> _Dataset_:
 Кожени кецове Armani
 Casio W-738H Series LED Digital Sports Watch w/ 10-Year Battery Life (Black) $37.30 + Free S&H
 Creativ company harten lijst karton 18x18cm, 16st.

---

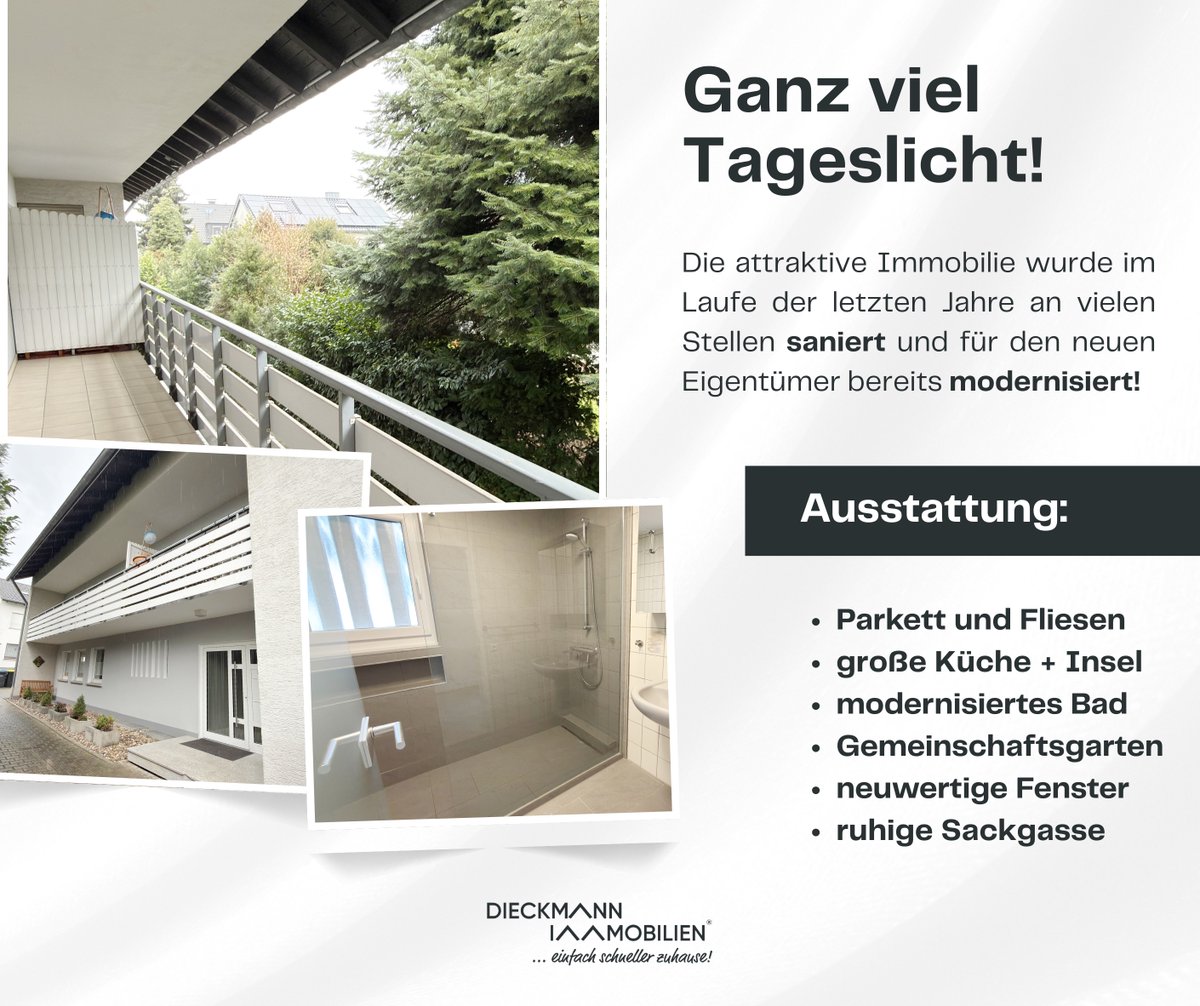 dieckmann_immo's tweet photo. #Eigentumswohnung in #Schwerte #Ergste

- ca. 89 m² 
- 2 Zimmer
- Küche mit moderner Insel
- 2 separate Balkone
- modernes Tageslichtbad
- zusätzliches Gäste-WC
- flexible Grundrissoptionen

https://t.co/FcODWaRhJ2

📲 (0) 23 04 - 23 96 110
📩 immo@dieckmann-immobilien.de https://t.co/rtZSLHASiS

> _Task item_: Your response should be made up of the lines in the data that contain the word "https".

> _Output_:
https://t.co/FcODWaRhJ2
📩 immo@dieckmann-immobilien.de https://t.co/rtZSLHASiS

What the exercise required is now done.